TASK TO CARRY OUT:
Copy the data that follows exactly. Include no pictures.

DATA:
****

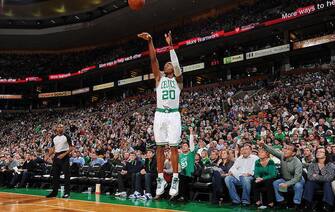 BOSTON, MA - JANUARY 6: Ray Allen #20 of the Boston Celtics shoots a three point shot against the Indiana Pacers on January 6, 2012 at the TD Garden in Boston, Massachusetts.  NOTE TO USER: User expressly acknowledges and agrees that, by downloading and or using this photograph, User is consenting to the terms and conditions of the Getty Images License Agreement. Mandatory Copyright Notice: Copyright 2012 NBAE  (Photo by Brian Babineau/NBAE via Getty Images)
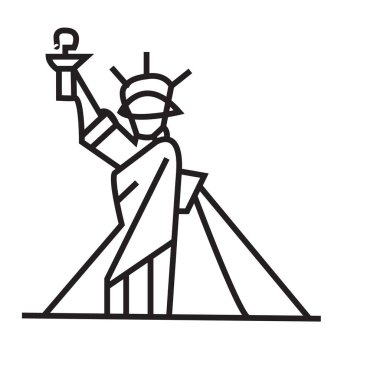 Bayrak çizgisi biçim vektör tasarımlı ABD anıtı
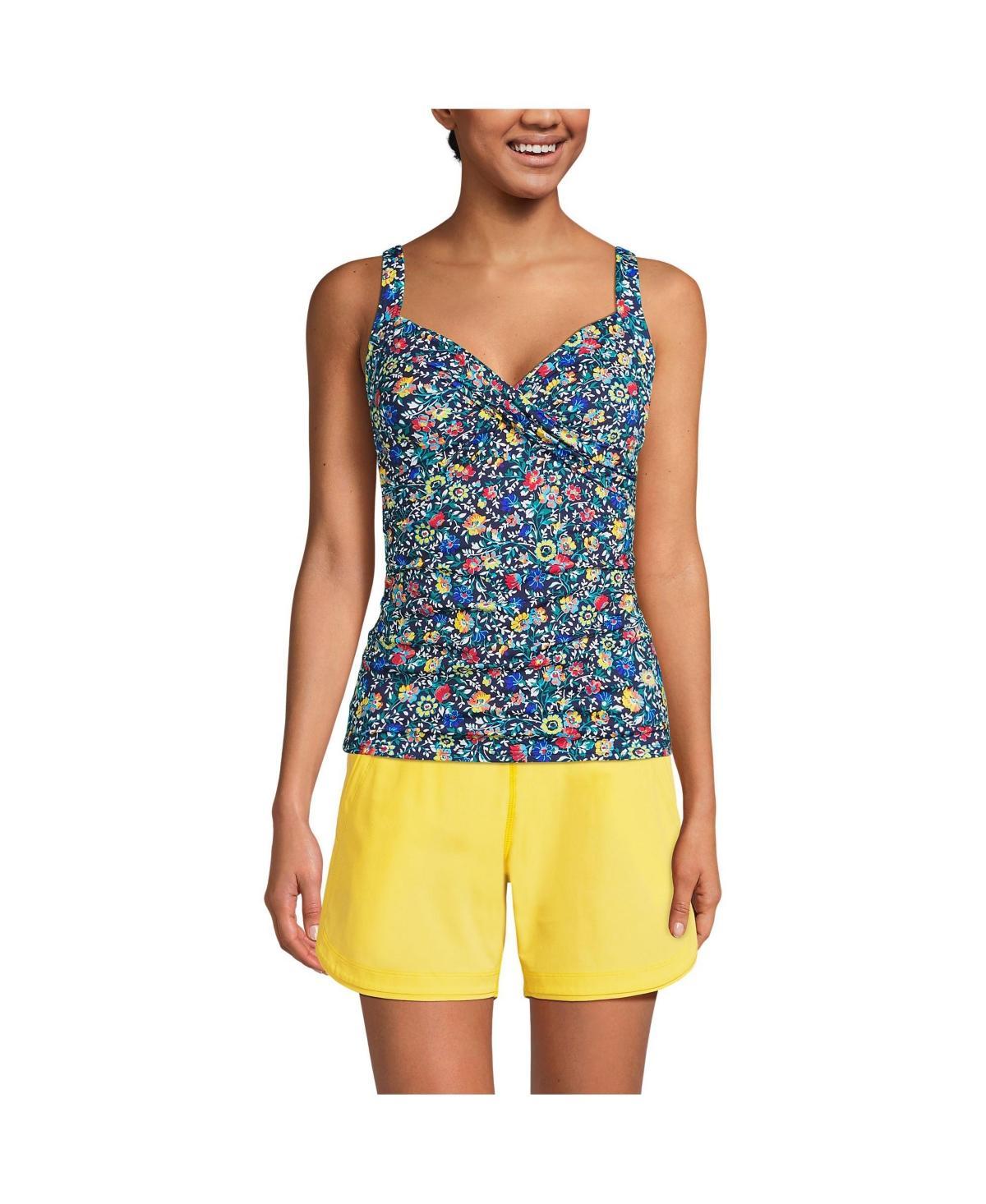 Women's Lands' End Surplice Underwire Tankini Swimsuit Top, Size: 14, Rich Brown Product Image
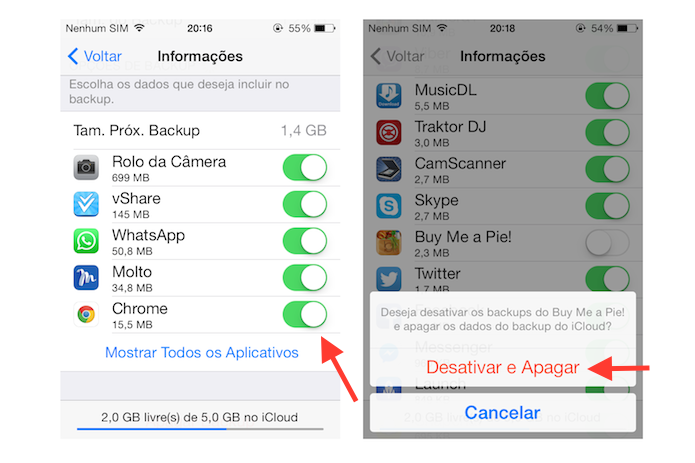 Desativando o backup de determinados aplicativos do iOS no iCloud (Foto: Reprodução/Marvin Costa)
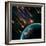 Earth in Space with a Flying Asteroids, Abstract Background-molodec-Framed Photographic Print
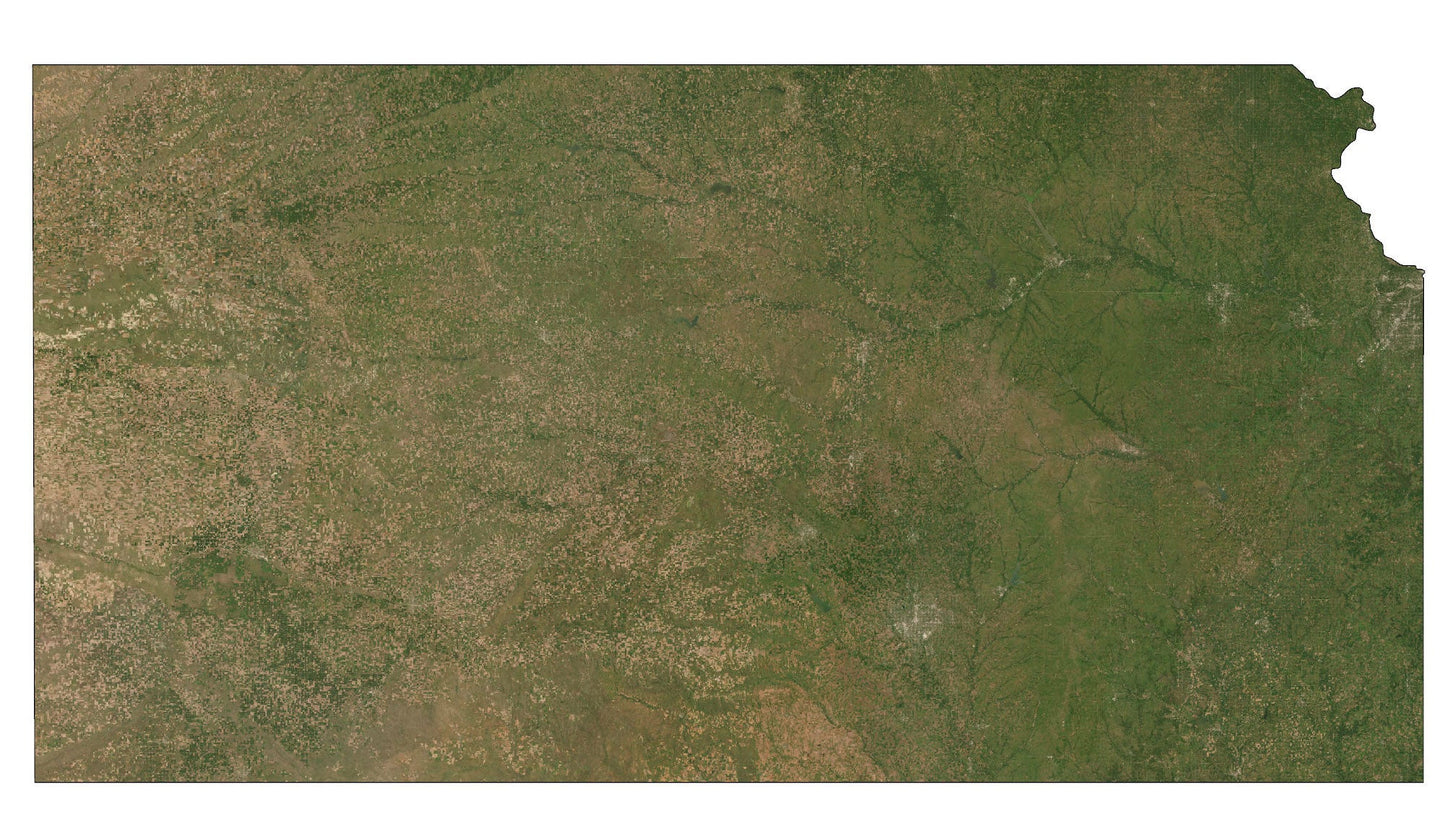 Kansas Satellite Map Glossy Poster Picture Photo Print Banner  Booma Prints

****

WRITTEN RESPONSE:
 BOSTON, MA - JANUARY 6: Ray Allen #20 of the Boston Celtics shoots a three point shot against the Indiana Pacers on January 6, 2012 at the TD Garden in Boston, Massachusetts.  NOTE TO USER: User expressly acknowledges and agrees that, by downloading and or using this photograph, User is consenting to the terms and conditions of the Getty Images License Agreement. Mandatory Copyright Notice: Copyright 2012 NBAE  (Photo by Brian Babineau/NBAE via Getty Images)
 Bayrak çizgisi biçim vektör tasarımlı ABD anıtı
 Women's Lands' End Surplice Underwire Tankini Swimsuit Top, Size: 14, Rich Brown Product Image
 Desativando o backup de determinados aplicativos do iOS no iCloud (Foto: Reprodução/Marvin Costa)
 Earth in Space with a Flying Asteroids, Abstract Background-molodec-Framed Photographic Print
 Kansas Satellite Map Glossy Poster Picture Photo Print Banner  Booma Prints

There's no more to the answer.